◆ **Assigned task**
Print the lines from the one containing "0,70�0,95 �����, ������, ������ �� 1850 ���" through the end of the material below, both included, exactly as they appear and without pictures.

◆ **Data extracts**
Content starts

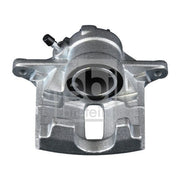 Febi Brake Caliper Assembly Front Left 179459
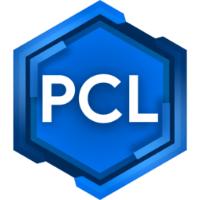 pcl2启动器整合包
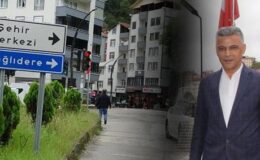 Nüfusu 14 bin, ABD’deki hemşehrileri 30 bini aştı! Bir ilçenin Amerikan rüyası: Sanki köyüme gitmiş gibi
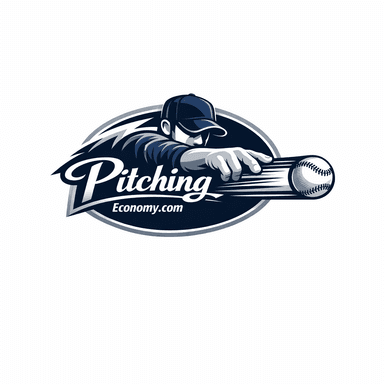 Pitching Economy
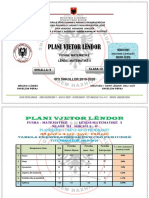 Matematike PDF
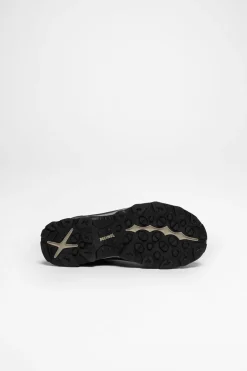 Sortino Lady Damen (Marine)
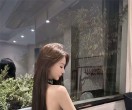 版主强烈推荐《全国》高端外围QQ：3975265736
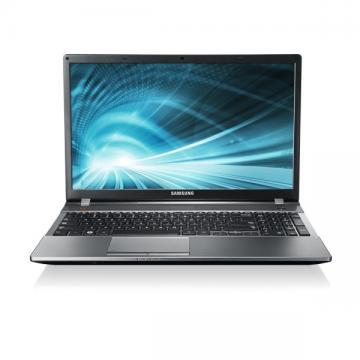 NOTEBOOK SAMSUNG NP550 I5-3210M 6GB 1TB 2GB-GT630M WIN7HP64 SV 2Y NP550P5C-T02RO - Pret | Preturi NOTEBOOK SAMSUNG NP550 I5-3210M 6GB 1TB 2GB-GT630M WIN7HP64 SV 2Y NP550P5C-T02RO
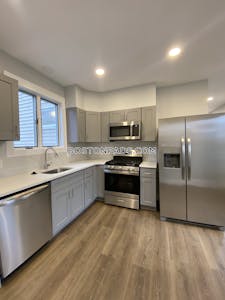 Somerville 4 Beds 2 Baths Somerville  East Somerville - $4,600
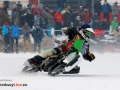 20170121_mko_ledy_opatovice_0027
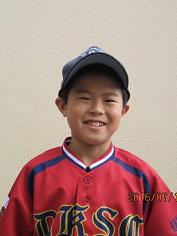 �Ȥ⤭ ���ֹ桧6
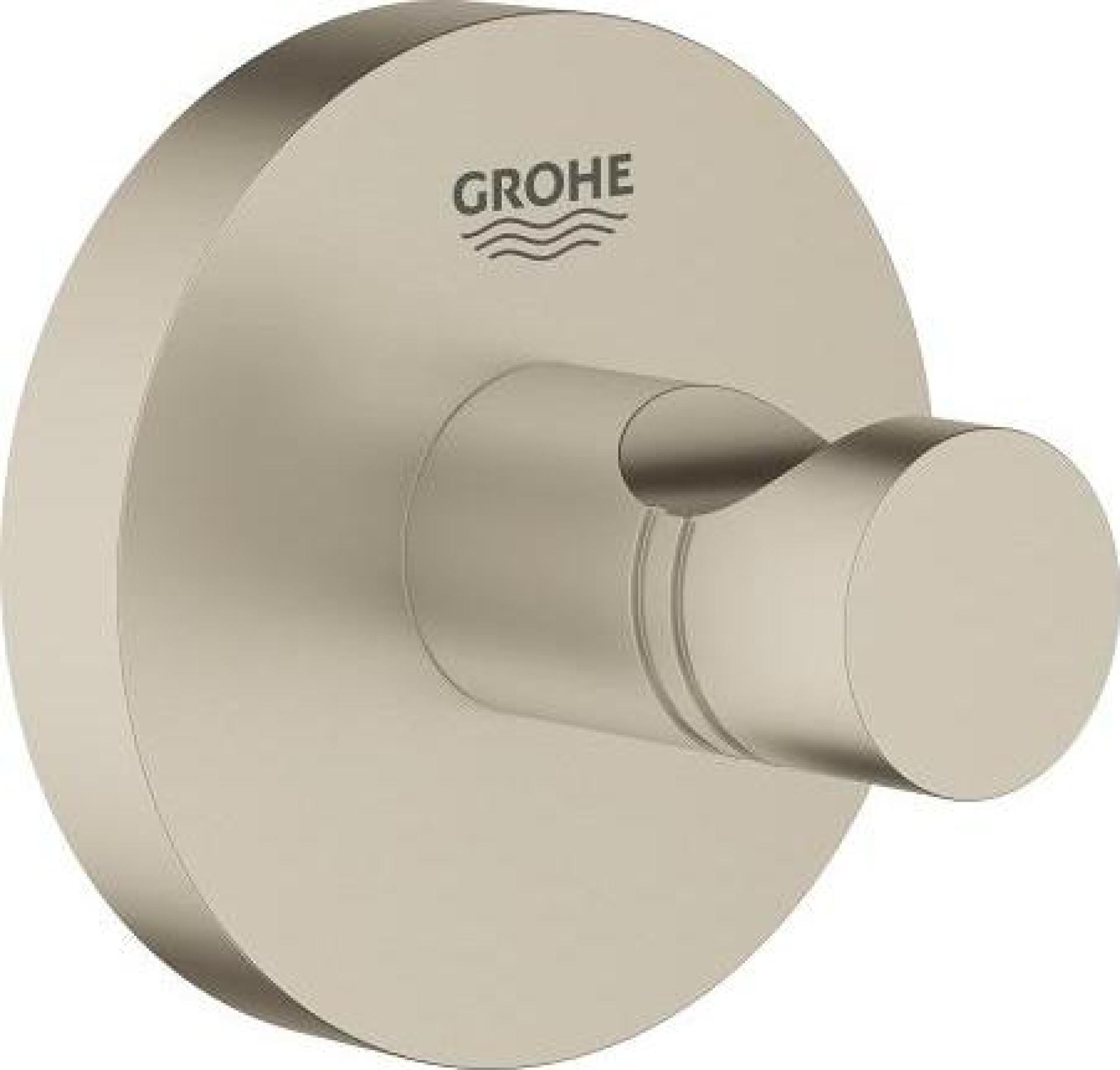 Крючок Grohe Essentials 40364EN1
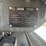 2016-wacker-neuson-6503-2-image-17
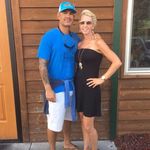 Traci Lyons Holden-Bache - @tracihb - Instagram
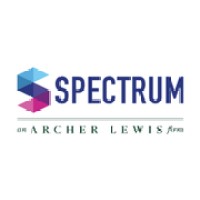 Spectrum Partners, an Archer Lewis firm logo - Similar company to Insight Payroll Solutions Inc.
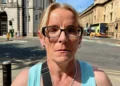 funeral boss lied about burying dad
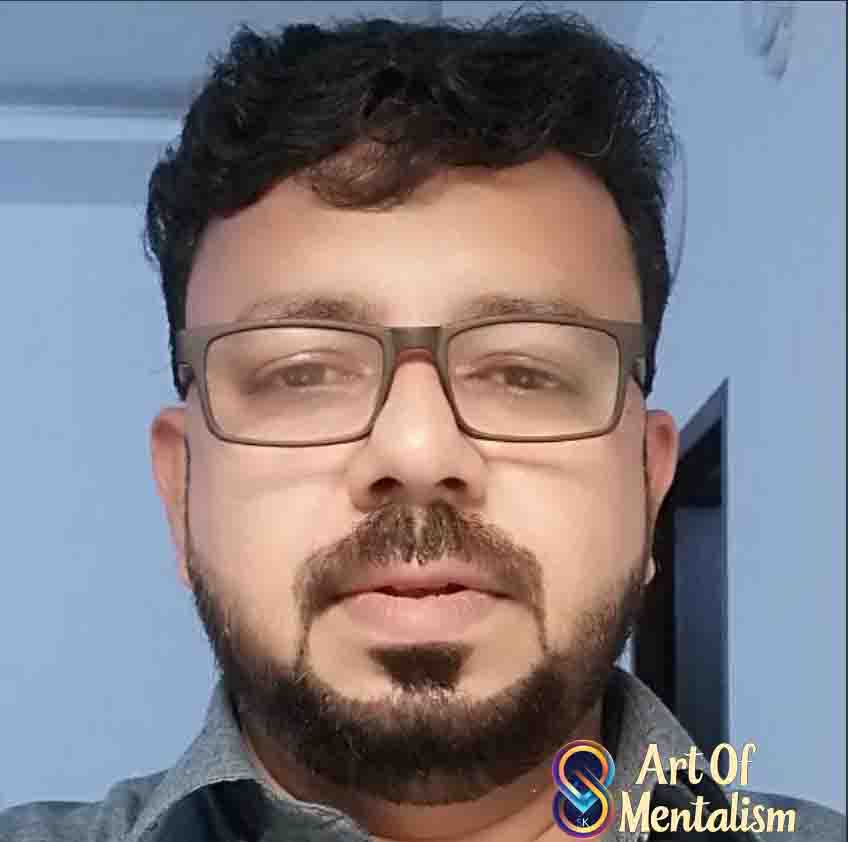 User Profile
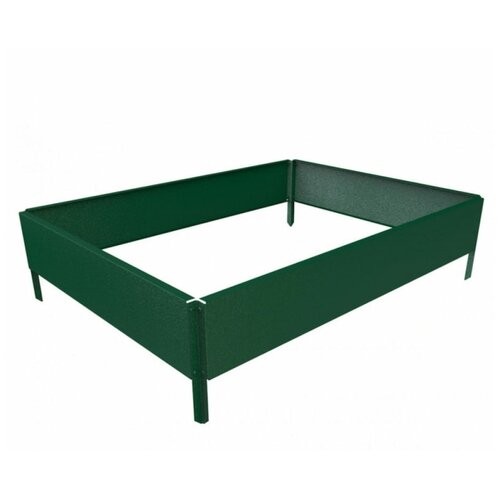 ���� ������� ������������ ������ �� ���� Delta-Park GX 0,70�0,95 �����, ������, ������ �� 1850 ���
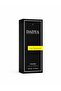 E-197 L 50 ML - 7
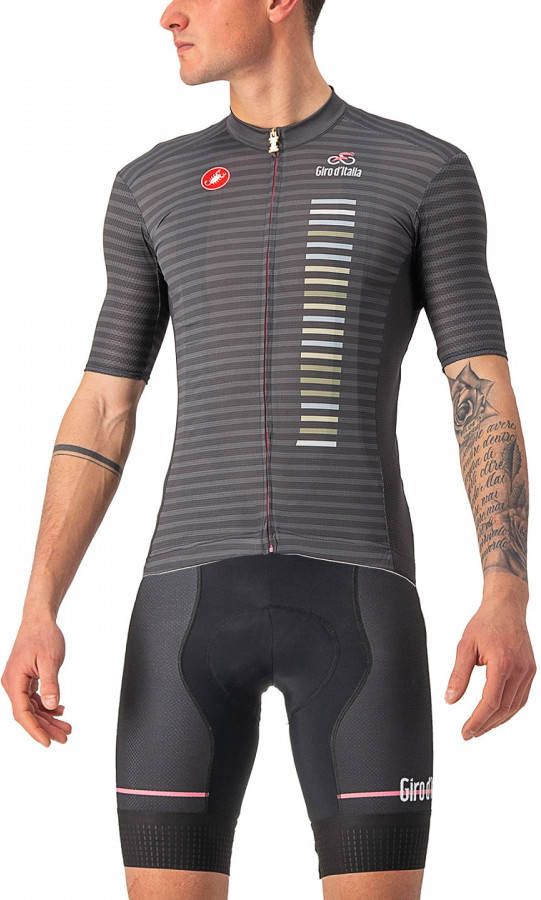 Bioracer BELGISCH NATIONAAL TEAM 2023 Maxi Set(5 stukken)maxiset(5 artikelen ), voor he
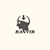 Ranvir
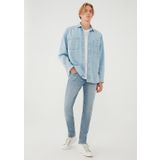 Mavi 001070-33974 İndigo Erkek Jeans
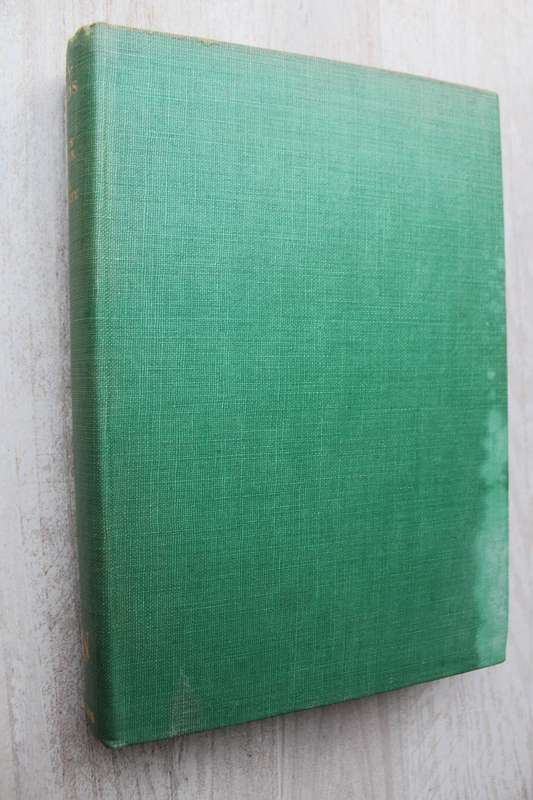 Sea-Birds  / Lockley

Content ends

◆ **Output for this exercise**
 ���� ������� ������������ ������ �� ���� Delta-Park GX 0,70�0,95 �����, ������, ������ �� 1850 ���
 E-197 L 50 ML - 7
 Bioracer BELGISCH NATIONAAL TEAM 2023 Maxi Set(5 stukken)maxiset(5 artikelen ), voor he
 Ranvir
 Mavi 001070-33974 İndigo Erkek Jeans
 Sea-Birds  / Lockley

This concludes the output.